How the game was won: The Cavaliers used a two-run homer in the fourth inning from first baseman Pavin Smith to even the score after the Commodores grabbed the lead on a pair of runs in the first off Virginia starter Brandon Waddell. Smith's two-out single in the fifth scored Adam Haseley to put Virginia on top for good, and the Cavaliers added a run in the seventh on Kenny Towns' two-out single, again scoring Haseley.
Game ball goes to: Pavin Smith. The freshman from Jupiter, Florida, jumped all over a hanging, 1-0 breaking ball from Walker Buehler. Smith's seventh home run of the season and the first for either team in the finals energized the Virginia offense, which struggled early against Buehler -- a recent first-round pick of the Dodgers. Smith, 5-for-24 in Omaha before Wednesday, finished 2-for-3 with a walk and played well defensively.
Unsung hero: Brandon Waddell. It's impossible to ignore the junior lefty, who has served for the past two years as Virginia's rock on the pitcher's mound during two runs to the championship series. Working on three days of rest Wednesday, Waddell, in his 11th career postseason start, lasted seven innings and allowed two runs, four hits and threw 104 pitches in an ultra-gutsy effort. The victory marked Virginia's fifth in five CWS starts for Waddell.
Stat of the game: Virginia completed the season 44-24, the first national champion with fewer than 45 wins since USC finished 43-12-1 in 1968. The low total for the Cavs materialized after they won just 10 of 24 games during a five-week midseason stretch, including an 8-11 mark in April. Virginia was the third team to win a national title, joining Oregon State in 2007 and Fresno State in 2008, seeded third or lower in a four-team regional, and its postseason appearance marked the 194th -- including 46 trips to the CWS -- for the ACC since the 1955 title.
Best play: After Smith's homer evened the game in the top of the fourth, Vanderbilt threatened in the bottom half as Penn Murfee doubled with one out and advanced on Jason Delay's foul out.

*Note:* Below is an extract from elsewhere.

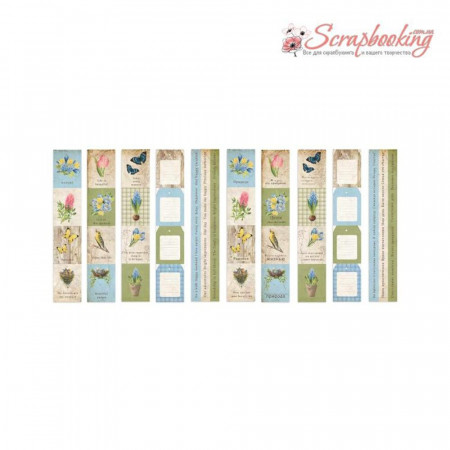 Набір паперу 30*30см Фабрика декору Botany spring, 10аркушів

Tyler Campbell then rocketed a hard grounder that looked on target for the left-field corner, but third baseman Kenny Towns snagged it, rolling into foul territory and popped to his feet. Smith stretched to record the out at first, saving a run.

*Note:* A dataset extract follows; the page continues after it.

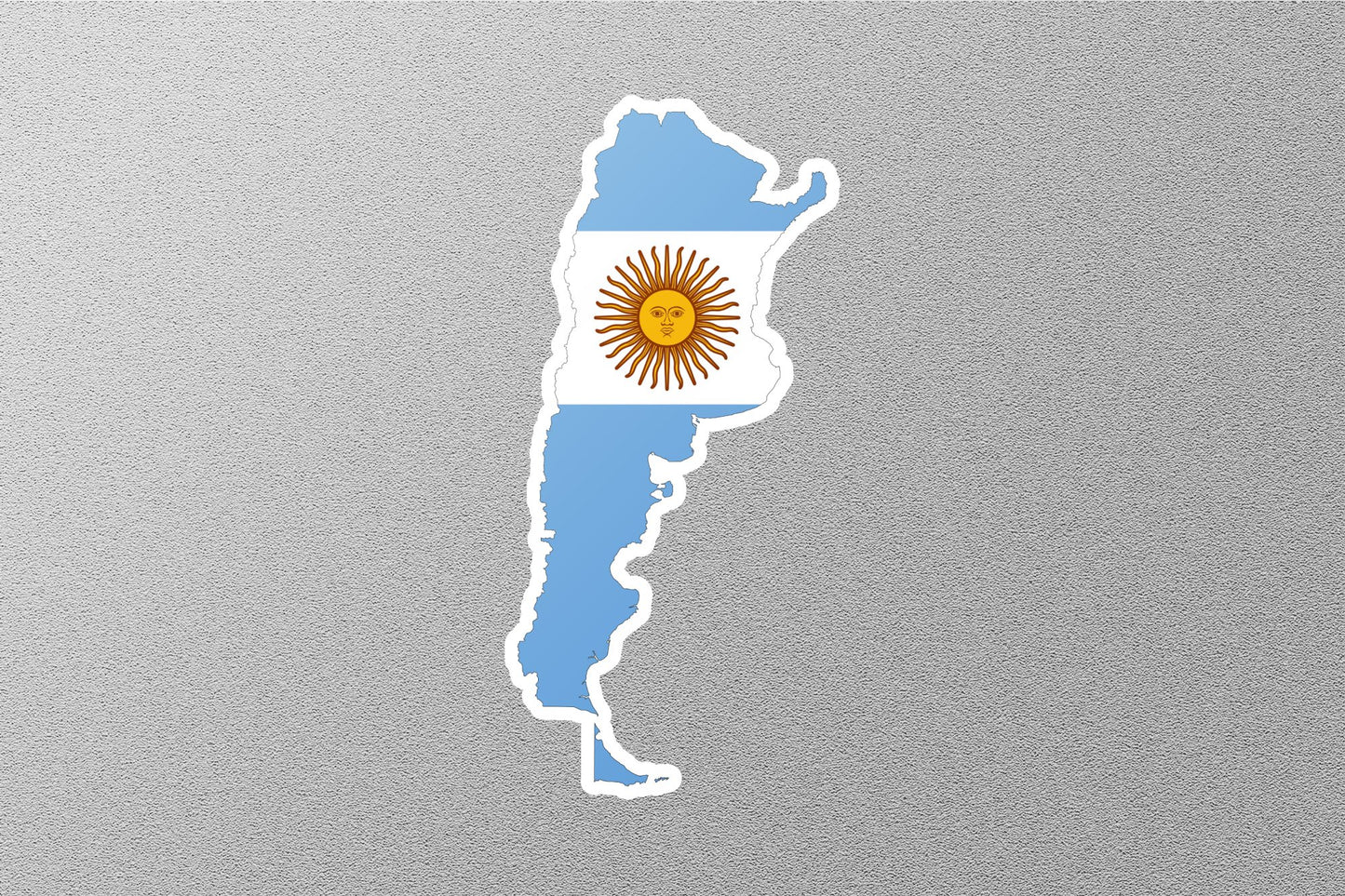 Wholesale Flag of Argentina Sticker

What it means: Don't overvalue the regular season. As we've seen in recent years, the team that gets hot at the end will win the title. Virginia is the fourth consecutive champion that did not enter postseason play among the eight national seeds and the 10th in the past 12 seasons. The victory Wednesday cements coach Brian O'Connor's legacy in Charlottesville. He has made it to his native Omaha four times in 12 seasons and led Virginia to more wins than any program nationally since 2009. The championship for Virginia is its 23rd department-wide, including seven in men's soccer, but first in the major American trio of football, basketball and baseball.